Lautoka is a big cane sugar processing location, so when we got up in the morning there was black soot from the sugar plant all over the boat. We left early in the morning in order to cover the 35 miles to Robinson Crusoe Island by afternoon. The winds were light so we motored for awhile, sailed for awhile, and then motored again. We had to go out through Navula Pass, which is basically an s-shaped cut through the large surrounding reef. Now we were back on the ocean side and the swell was noticeable. We still had our main sail up and were motoring along, and we noticed that the winds were slowly building. We called friends who were anchored at the island and were told that the pass into Robinson Crusoe was calm and would not be a problem.
Soon the winds were at 25 knots with gusts to 30 knots, and it was right on our nose. The waves were getting larger, and I was getting sicker. I had not taken any medicine because it was so calm when we left. I have definitely learned my lesson--always take the medicine. Steve had to fall off to port and go a short distance and then fall off to starboard for a short distance so that the boat wasn't pounding into the waves. We just did not see how the pass could be calm. When we arrived at the island large breakers were on rolling in on both sides of the pass. As a reminder of what can go wrong, Lisa's sailboat was clearly visible up on the reef just a short distance east of the pass. We reduced our sail to a triple reef and headed into the pass, and we found that it was much calmer. I went up on the bow to watch the reefs while Steve steered the boat. John from sv Scarlet O'Hara came out to the pass to lead us in so I took over the helm while Steve went up to the bow to talk with him. We made our way into the anchorage and dropped the hook in about 15 feet of water.
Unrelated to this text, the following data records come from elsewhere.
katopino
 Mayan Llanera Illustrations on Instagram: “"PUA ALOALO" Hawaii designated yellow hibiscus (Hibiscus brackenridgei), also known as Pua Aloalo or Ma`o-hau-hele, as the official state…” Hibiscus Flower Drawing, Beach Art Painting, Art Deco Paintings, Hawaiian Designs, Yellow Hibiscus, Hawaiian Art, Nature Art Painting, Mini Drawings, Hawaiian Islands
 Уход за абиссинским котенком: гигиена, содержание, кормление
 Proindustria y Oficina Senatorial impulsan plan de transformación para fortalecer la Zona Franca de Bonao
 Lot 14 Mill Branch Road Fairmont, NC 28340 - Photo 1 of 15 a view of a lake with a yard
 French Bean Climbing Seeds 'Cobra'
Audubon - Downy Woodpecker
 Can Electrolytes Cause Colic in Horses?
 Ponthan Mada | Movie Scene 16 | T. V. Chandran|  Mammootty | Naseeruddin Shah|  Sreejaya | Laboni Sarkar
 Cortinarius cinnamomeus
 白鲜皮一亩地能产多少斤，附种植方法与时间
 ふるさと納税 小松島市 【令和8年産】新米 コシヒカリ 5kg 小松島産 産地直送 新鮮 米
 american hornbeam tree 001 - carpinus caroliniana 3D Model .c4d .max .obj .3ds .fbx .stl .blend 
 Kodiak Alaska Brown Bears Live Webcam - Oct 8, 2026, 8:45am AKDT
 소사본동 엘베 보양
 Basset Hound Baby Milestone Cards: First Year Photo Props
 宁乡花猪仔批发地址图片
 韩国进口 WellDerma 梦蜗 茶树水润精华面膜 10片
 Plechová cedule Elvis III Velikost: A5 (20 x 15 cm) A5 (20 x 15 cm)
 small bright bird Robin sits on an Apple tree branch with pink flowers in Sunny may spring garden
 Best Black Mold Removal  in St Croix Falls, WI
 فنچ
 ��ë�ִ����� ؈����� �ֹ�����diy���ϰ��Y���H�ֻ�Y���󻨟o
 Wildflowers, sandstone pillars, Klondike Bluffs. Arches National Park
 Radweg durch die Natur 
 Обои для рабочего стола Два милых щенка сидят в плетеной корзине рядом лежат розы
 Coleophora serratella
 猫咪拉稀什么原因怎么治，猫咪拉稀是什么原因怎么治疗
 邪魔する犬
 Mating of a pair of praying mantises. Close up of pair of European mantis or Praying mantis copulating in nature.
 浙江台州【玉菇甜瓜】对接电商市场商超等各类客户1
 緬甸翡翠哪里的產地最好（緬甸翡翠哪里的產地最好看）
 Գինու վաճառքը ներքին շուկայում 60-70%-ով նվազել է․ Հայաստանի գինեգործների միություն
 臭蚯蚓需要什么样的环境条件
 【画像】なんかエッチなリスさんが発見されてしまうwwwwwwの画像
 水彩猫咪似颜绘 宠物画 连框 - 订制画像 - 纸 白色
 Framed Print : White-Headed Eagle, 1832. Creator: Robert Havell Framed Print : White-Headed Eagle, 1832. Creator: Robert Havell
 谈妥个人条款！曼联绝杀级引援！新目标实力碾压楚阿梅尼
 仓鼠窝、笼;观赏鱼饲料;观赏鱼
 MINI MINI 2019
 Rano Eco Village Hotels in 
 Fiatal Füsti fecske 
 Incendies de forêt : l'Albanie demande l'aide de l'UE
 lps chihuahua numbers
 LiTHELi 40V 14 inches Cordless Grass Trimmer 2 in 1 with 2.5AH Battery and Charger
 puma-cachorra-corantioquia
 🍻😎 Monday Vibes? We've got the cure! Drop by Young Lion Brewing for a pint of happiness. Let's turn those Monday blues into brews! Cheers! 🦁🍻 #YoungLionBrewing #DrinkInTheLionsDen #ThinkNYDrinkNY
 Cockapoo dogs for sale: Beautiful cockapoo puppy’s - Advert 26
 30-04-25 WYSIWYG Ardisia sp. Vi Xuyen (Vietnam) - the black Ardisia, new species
After we had quickly put the boat back together, I asked John and also Jerry from sv Po'oino Roa to take Steve ashore for a beer while I went below to sleep off my seasickness. That evening we went ashore to enjoy dinner and a spectacular fire dance at the resort. Renee from Scarlet and Kathy from Po'oino Roa were back from shopping in town, so they joined us. The food was good and the dancing was wonderful, and it cost us only $4.50 USD each.
The next day we stayed aboard and took care of chores. On Friday we all got into our dinghies and took a 45-minute ride up the river to the area where the Intercontinental Beach Resort is located. This is a beautiful new resort in Fiji, but we did notice that not many people were there. We walked around the grounds but then walked back to the smaller resort next to it to have lunch. By now it was 1:30 in the afternoon and time to head back to the boats. We went ashore once again to enjoy dinner.
Saturday we stayed on the boat again, but on Sunday the three boats got together on Po'oino Roa to enjoy a Sunday brunch. Renee brought muffins and orange juice, Kathy made the scrambled eggs, and we brought the fried potatoes and coffee. Since my birthday is on Wednesday and we had mentioned that we might leave before then, Renee and Kathy gave me birthday presents of scented lotions, shampoo, and conditioner. What a nice surprise! It was a great way to spend a beautiful morning.
We returned to the boat when it began to sprinkle rain and ended up staying aboard for the rest of the day. The rain would come and go, but we never got much rain at any one time. We had hoped to fill our water tanks again, but we will just have to wait for the next front, which may come through in the next few days. We plan to stay in this protected anchorage until we get a good window with LIGHT winds to make a move to the next anchorage. All is well.